Task to complete = Line by line, copy all of the data exactly.

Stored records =
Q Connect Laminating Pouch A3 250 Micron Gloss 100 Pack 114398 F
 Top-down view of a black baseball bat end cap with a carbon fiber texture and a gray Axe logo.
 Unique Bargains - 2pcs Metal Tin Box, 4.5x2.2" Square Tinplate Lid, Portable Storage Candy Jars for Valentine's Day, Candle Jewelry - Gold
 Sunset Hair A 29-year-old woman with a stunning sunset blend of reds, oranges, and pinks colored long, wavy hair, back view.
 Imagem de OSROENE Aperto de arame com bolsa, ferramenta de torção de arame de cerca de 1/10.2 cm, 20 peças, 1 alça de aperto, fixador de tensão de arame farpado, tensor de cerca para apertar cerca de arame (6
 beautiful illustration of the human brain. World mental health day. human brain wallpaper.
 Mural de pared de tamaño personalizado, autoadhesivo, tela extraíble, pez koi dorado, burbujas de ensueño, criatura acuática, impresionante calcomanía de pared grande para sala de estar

Result =
Q Connect Laminating Pouch A3 250 Micron Gloss 100 Pack 114398 F
 Top-down view of a black baseball bat end cap with a carbon fiber texture and a gray Axe logo.
 Unique Bargains - 2pcs Metal Tin Box, 4.5x2.2" Square Tinplate Lid, Portable Storage Candy Jars for Valentine's Day, Candle Jewelry - Gold
 Sunset Hair A 29-year-old woman with a stunning sunset blend of reds, oranges, and pinks colored long, wavy hair, back view.
 Imagem de OSROENE Aperto de arame com bolsa, ferramenta de torção de arame de cerca de 1/10.2 cm, 20 peças, 1 alça de aperto, fixador de tensão de arame farpado, tensor de cerca para apertar cerca de arame (6
 beautiful illustration of the human brain. World mental health day. human brain wallpaper.
 Mural de pared de tamaño personalizado, autoadhesivo, tela extraíble, pez koi dorado, burbujas de ensueño, criatura acuática, impresionante calcomanía de pared grande para sala de estar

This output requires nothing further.